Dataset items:
▬▬▬▬▬▬▬▬▬▬

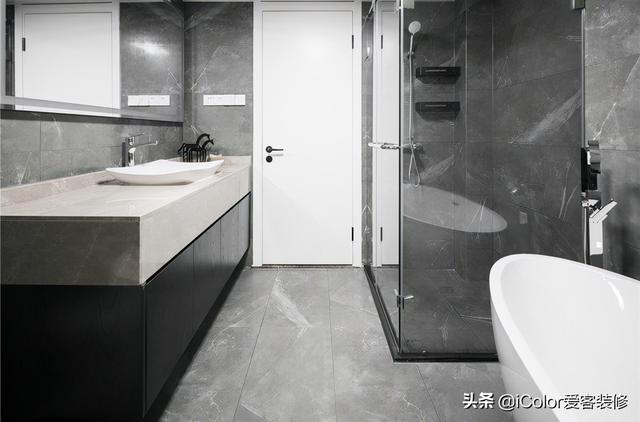 美缝颜色与地砖颜色搭配，地砖搭什么颜色美缝（让卫生间远离老土宾馆风）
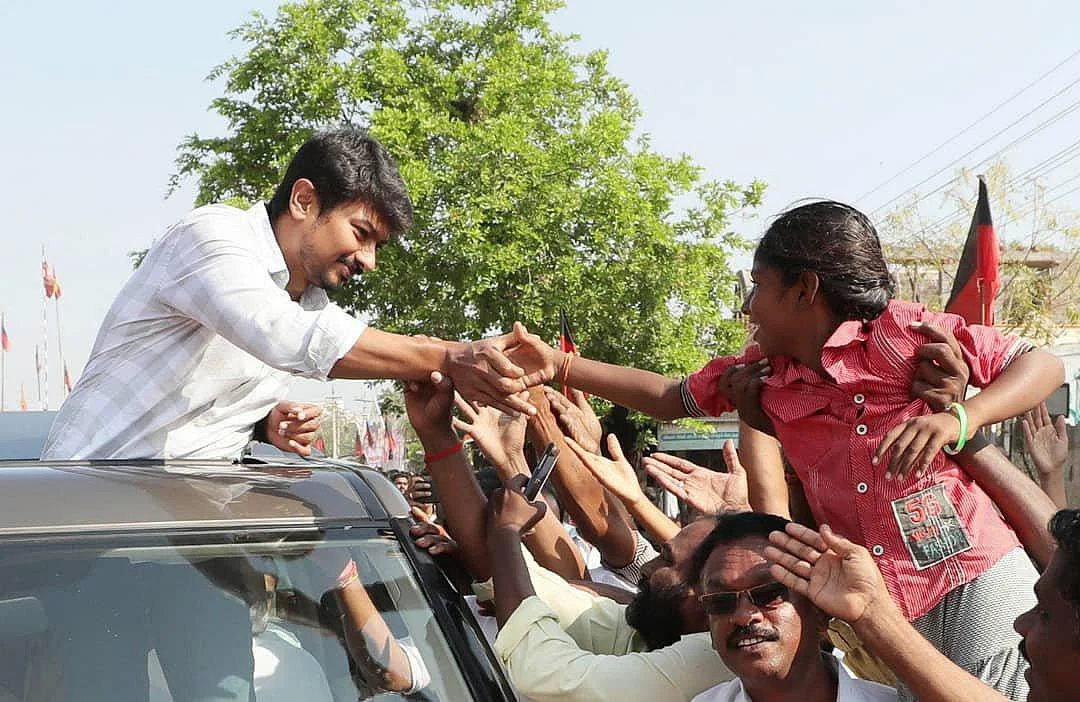 ஆட்சி கவிழும் நம்பிக்கையில் அறிவாலயம்! - பதவியேற்பு விழாவுக்கு தி.மு.க தேதி குறிப்பு?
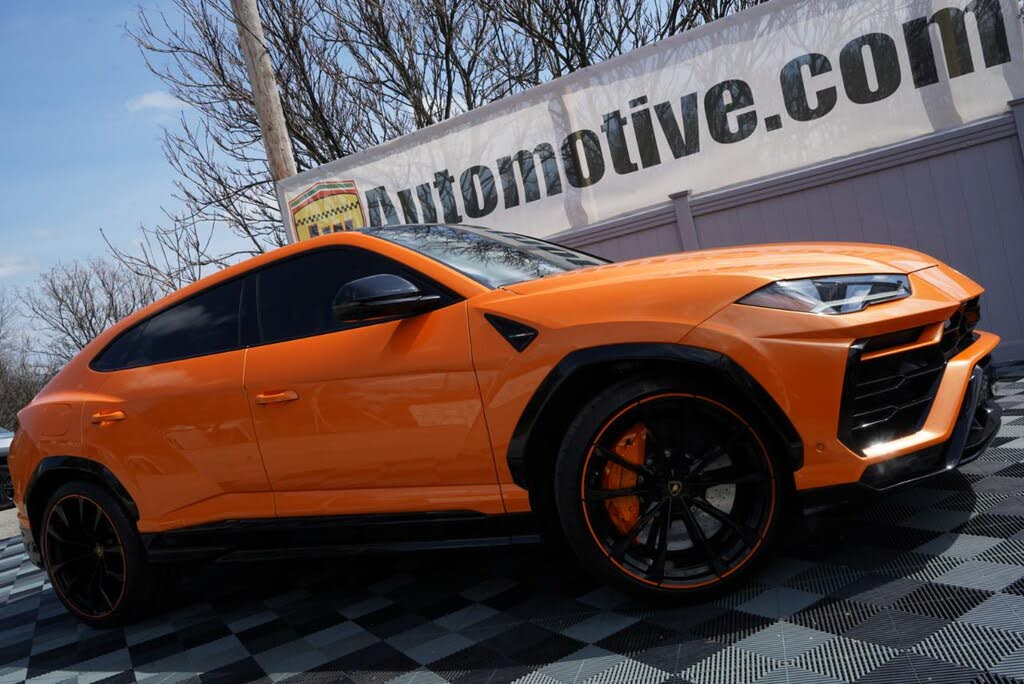 2022 Lamborghini Urus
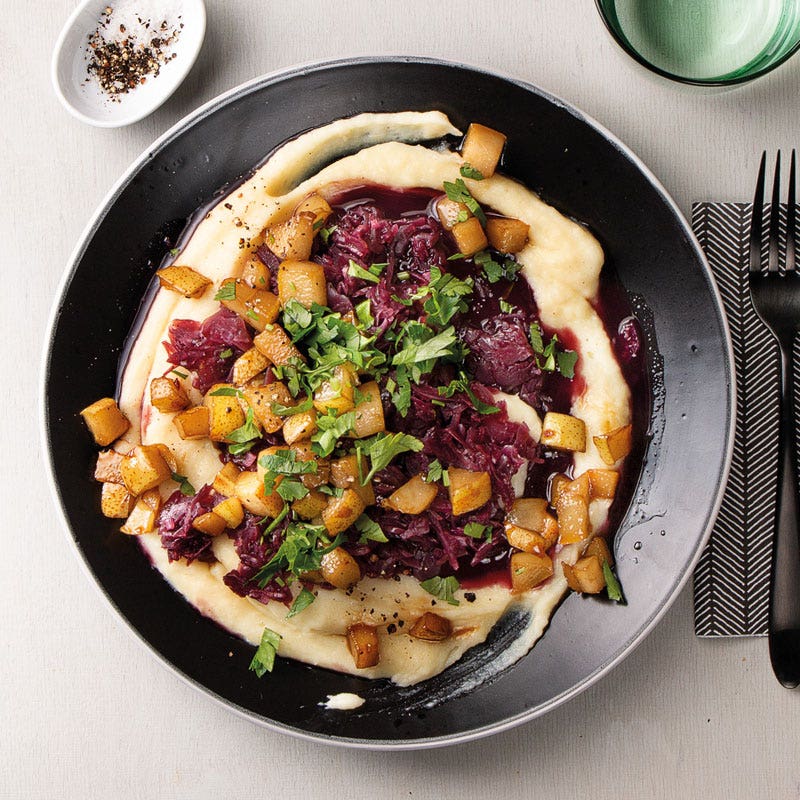Pastinakenpüree mit warmen Rotkabis und süsser Birne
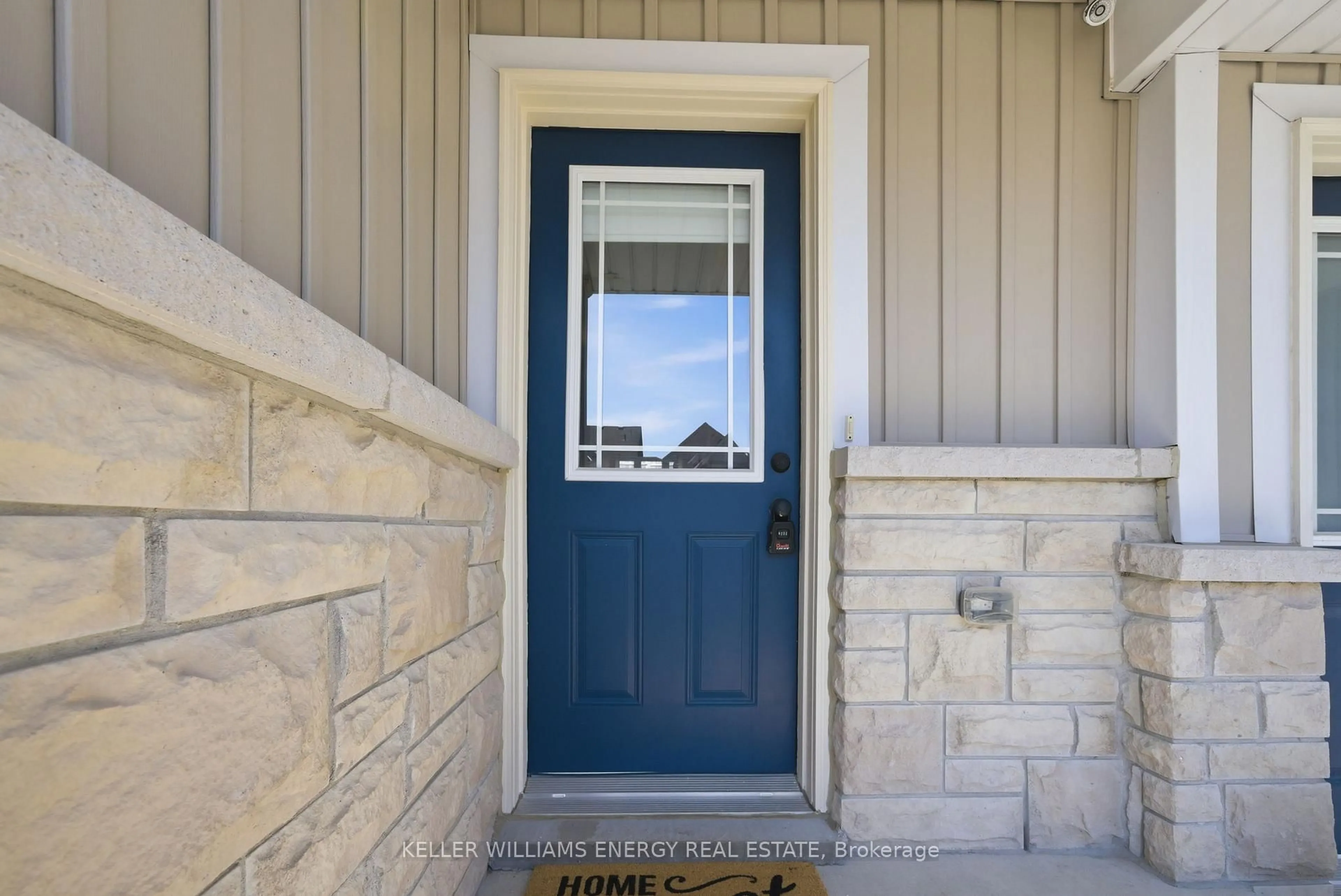 Indoor entryway for 86 Autumn Harvest Rd, Clarington Ontario L1C 0K7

▬▬▬▬▬▬▬▬▬▬

## REQUIRED WORK
Going from the line holding "Pastinakenpüree mit warmen" to the last line of the data above, reproduce every line exactly, both included, with the pictures omitted.

## EXPECTED OUTPUT
Pastinakenpüree mit warmen Rotkabis und süsser Birne
 Indoor entryway for 86 Autumn Harvest Rd, Clarington Ontario L1C 0K7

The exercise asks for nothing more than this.